CNN clarifies Iraq comments
By Mark Jurkowitz, Globe Staff | February 8, 2005

Two weeks ago at the World Economic Forum in Switzerland, CNN's chief news executive, Eason Jordan, raised eyebrows when he suggested that some of the 63 journalists who have been killed in Iraq had been targeted by US troops. Although Jordan quickly tempered the remarks, a controversy has been building over them on the web. CNN has responded, issuing a statement clarifying Jordan's comments. Jordan made his remarks at a panel discussion on Jan. 27 in Davos about the media and democracy. Several sources, including the author of a weblog written at the event, said Jordan quickly amended his comments. Since then, the web has been abuzz with commentary about Jordan's statement and his intentions. CNN's statement says Jordan ''was not clear enough in explaining his assertion."

''While the majority of the 63 journalists killed in Iraq have been killed by insurgents, the Pentagon has acknowledged that the US military on occasion has killed people who turned out to be journalists," the CNN statement said. ''Mr.

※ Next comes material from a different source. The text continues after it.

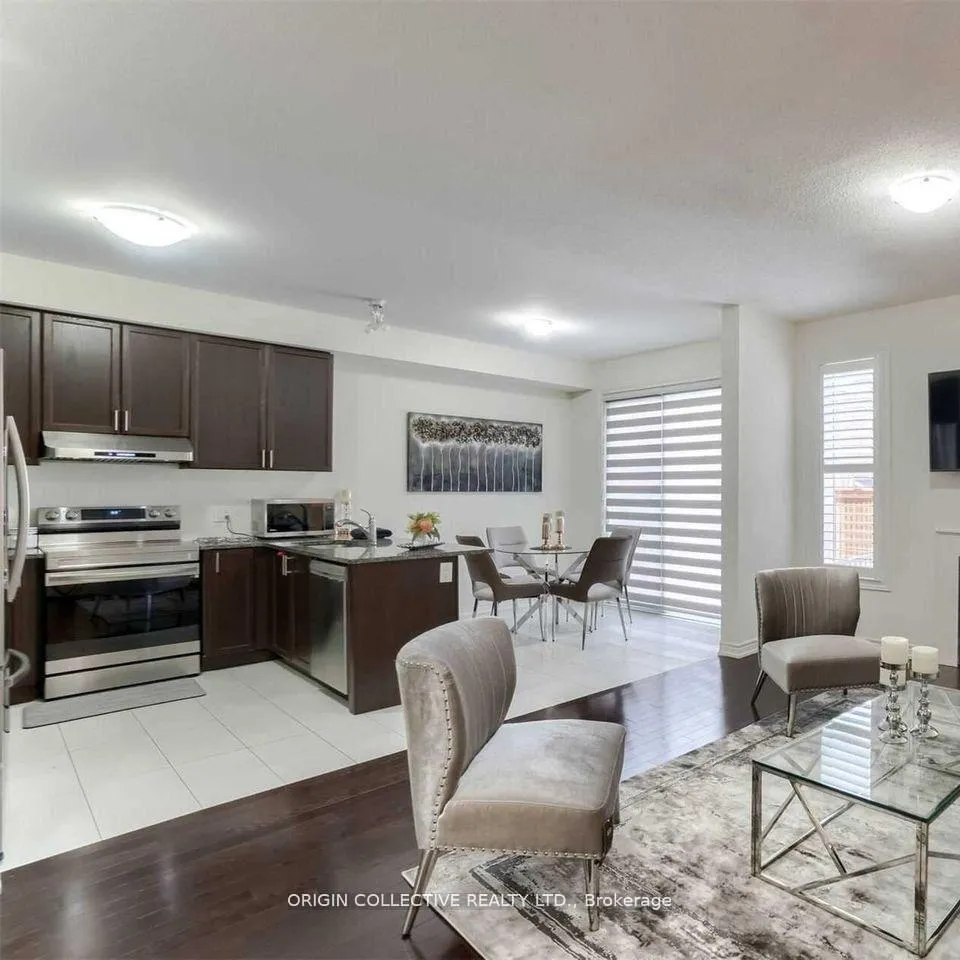Photo 3 of 15 Germain Circle, Brampton, Credit Valley — HOMEH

Jordan emphatically does not believe that the US military intended to kill journalists and believes these accidents to be cases of 'mistaken identity.' " A CNN spokeswoman, Christa Robinson, added that ''Eason clarified his position during the panel." Still, a statement released yesterday by a spokesman for Senator Christopher Dodd, Democrat of Connecticut, said the senator, who was in the audience for the discussion, was ''outraged by the comments."

Representative Barney Frank, who was on the panel, told The Boston Globe yesterday that attendees ''perked up" after Jordan made remarks that ''sounded like accusing the military of deliberate targeting." Frank said Jordan then backed off a bit, saying he wasn't indicating that such targeting represented US military policy. The discussion moderator, David Gergen, director of the Center for Public Leadership at Harvard's John F. Kennedy School of Government, said yesterday that Jordan seemed ''deeply concerned about the dangers to his own team" in Iraq.

The Committee to Protect Journalists, a nonprofit organization based in New York, says nine journalists and at least two media support workers have been killed by fire from US forces in Iraq, according to the organization's Middle East program coordinator, Joel Campagna. Campagna said that the group has not concluded that any deaths resulted from deliberate targeting of journalists but that some cases raised issues of ''fire discipline and indiscriminate fire."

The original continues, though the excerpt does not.